Do I find a couple of studies anywhere close to a sufficient body of evidence to support a link between autism and abortion? No. I think that if there were a significant relationship between the two it would have been demonstrated far more conclusively and shown up in far more studies. Unlike with other purported causes of autism, however, I could not find any studies that specifically examined the link between abortion and autism in a later pregnancy, which makes it hard to speak with as much certainty as I can about other subjects. Whatever you may think of Braxton’s theology, any scientific support for her belief is thin, at best.
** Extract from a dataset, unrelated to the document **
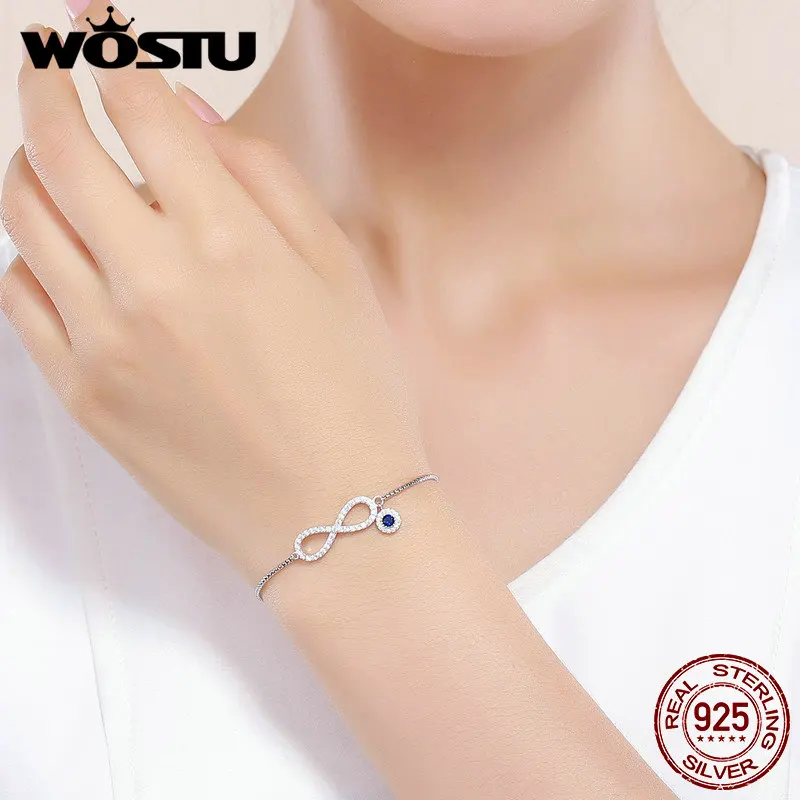 WOSTU, 925 пробы, Серебряный сверкающий бесконечный женский браслет на цепочке, свадебное регулируемое серебряное ювелирное изделие, подарок CQB087
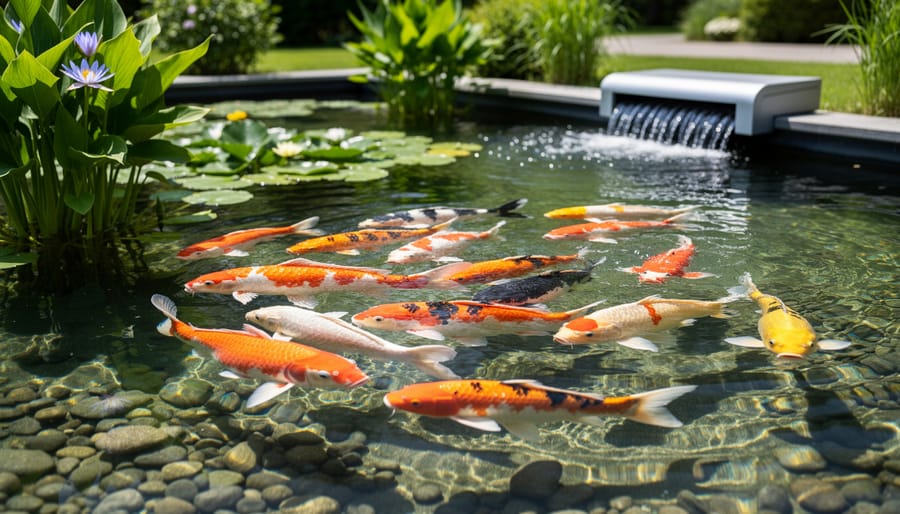 Crystal clear koi pond with healthy fish swimming among water plants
For her part, it seems she has gone on to walk back the autism diagnosis and instead join the ranks of idiot celebrities who blame vaccines for children’s developmental problems. “Maybe it’s just a coincidence that after my son’s first MMR vaccine, I began to notice changes in him,” she said in a later interview. There is no “maybe” about this one, no matter Braxton’s post hoc suppositions. If medical science has built up a body of evidence about any one question, few are more solid than the one debunking any relationship between vaccines and autism. One recently released study included more than 1 million children and found no link between the two, which is far more sound than a couple of studies suggesting a link with abortion.
The role that God played in her son’s developmental problems is one that does not really admit to scientific analysis. I’m certainly skeptical. But as far as the roles her earlier abortion or decision to vaccinate him are concerned, I feel comfortable pinning them at “negligible” and “nil,” respectively. I don’t know what she’s hearing from her pastor, but I hope her son’s doctor is telling her the same thing I would.